The petition, filed by the Miller Media Group of Taylorville, IL, owner of seven full-power AM and FM stations, would allow FM translators to broadcast original programming from any point located within 25 miles of its transmitter. It notes the "thousands of FM translator stations authorized, and many more thousands of translator applications awaiting FCC action. [These] could be used for a variety of different programming but for the restrictive FM translator rules now in effect."
To the petition are attached several letters from various civic and business leaders in and around Taylorville that support turning translators into a new class of LPFM station. The letters adhere to a boilerplate message which charges that allowing local programming on translator stations "will enhance our town and its economic growth."

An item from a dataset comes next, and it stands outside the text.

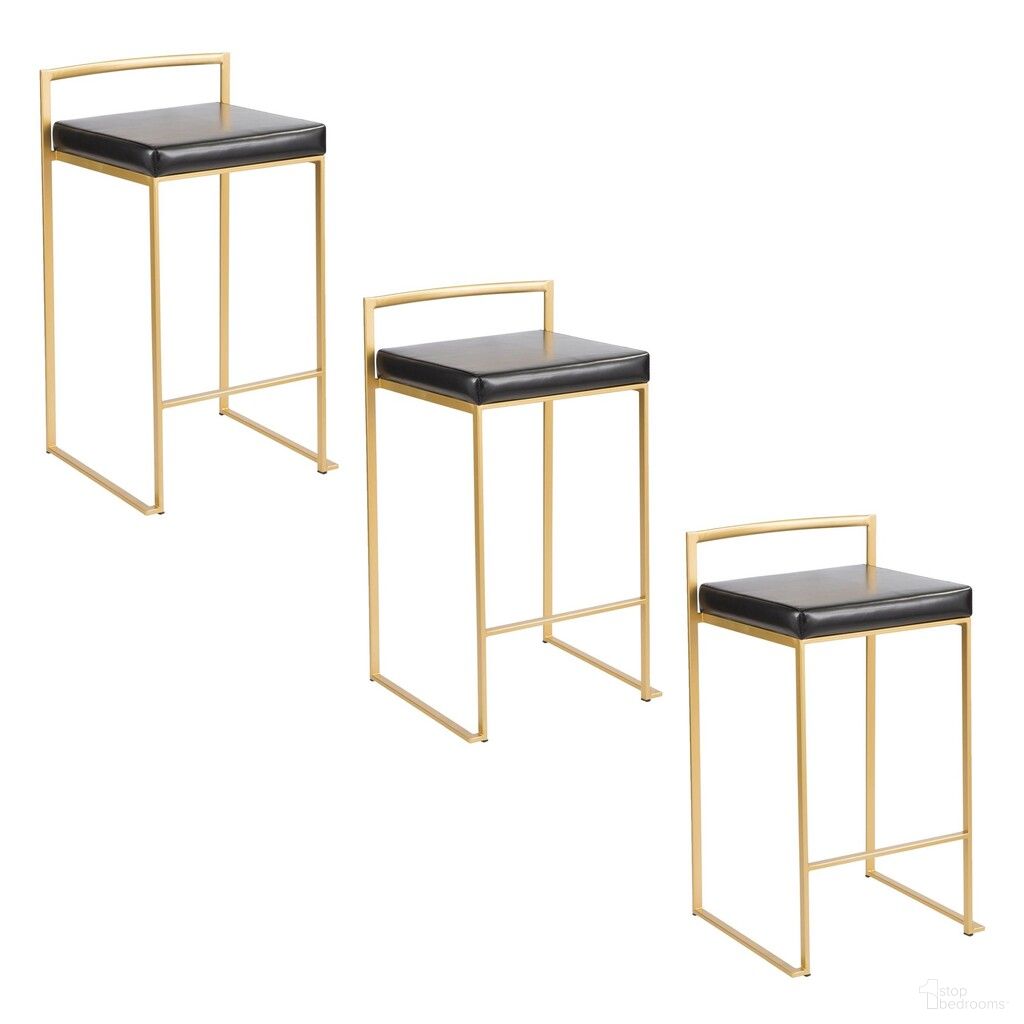 The appearance of Fuji Stacker 26 Inch Fixed Height Counter Stool Set of 3 In Gold and Black designed by Lumisource in the glam interior design. This gold and black piece of furniture was selected by 1StopBedrooms from Fuji Collection to add a touch of cosiness and style into your home. Sku: B26-FUJIPU AUBK3. Material: Foam.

Apparently, Miller Media bought a 38-watt FM translator construction permit for $4,000 from a regional godcaster and would like to use it as a stand-alone outlet. It's not the first time this idea has come about, and it raises some interesting implications for the possible proliferation of LPFM-style radio, though it's bound to be politically controversial. Incumbent full-power broadcasters would hate to be faced with a potential crop of new competition to undermine their existing market share. Perhaps that's why the FCC's filed the Miller petition in its cyber circular-file for now.
5/3/06 - DIYmedia in San Francisco [link to this story]

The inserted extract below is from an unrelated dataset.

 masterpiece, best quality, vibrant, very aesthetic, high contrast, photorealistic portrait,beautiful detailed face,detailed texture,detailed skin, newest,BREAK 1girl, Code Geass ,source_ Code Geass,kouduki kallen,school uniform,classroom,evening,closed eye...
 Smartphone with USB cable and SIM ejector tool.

Just found out I'll be making at least one presentation at the Association for Education in Journalism and Mass Communication (AEJMC) conference in San Francisco, August 2-5. I am not particularly comfortable in conference environments (especially academic ones), though Lawrence Lessig is keynoting, which should be cool.

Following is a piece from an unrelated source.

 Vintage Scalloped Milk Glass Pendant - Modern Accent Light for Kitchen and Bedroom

Save for a day-trip a few years ago, I haven't been to SF since the NAB Meets Media Democracy protests in 2000. This time around there's friends actually living there. Maybe there's a way to sneak in a station tour (or two) as well. Anything to avoid the schmooze.
5/1/06 - LPAM Petition for Rulemaking Amended [link to this story]
Last October, a coalition of aspiring low-power AM broadcasters and citizens filed a petition for rulemaking at the FCC to create a licensed LPAM service. The comment and reply-comment period came and went, attracting a smattering of public input, including some predictable opposition from most established (commercial) broadcasters. The FCC's done nothing with it since.
Rumor has it that FCC staff may be more inclined to explore the idea of legal LPAM were the petition streamlined to outline a technically and politically simple service to administer. Otherwise, went the rumor, "come back in a few years" to try again.
Consequently a revised LPAM petition was filed late last week in RM-11287. This one is as simple as they come: its technical parameters are lifted straight from the FCC's existing AM Travelers' Information Station (TIS) service rules. This would allow for maximum power levels of 10 watts, a maximum antenna height of 15 meters, and 24-hour operation. LPAM stations would initially be sited only in the expanded band (north of 1600 kHz), the least-congested area of the dial.
Interestingly, the new proposal calls for no national ownership cap on LPAM stations, though it does limit ownership at the market-level. Now to see if the revisions breathe new life into the neglected proceeding.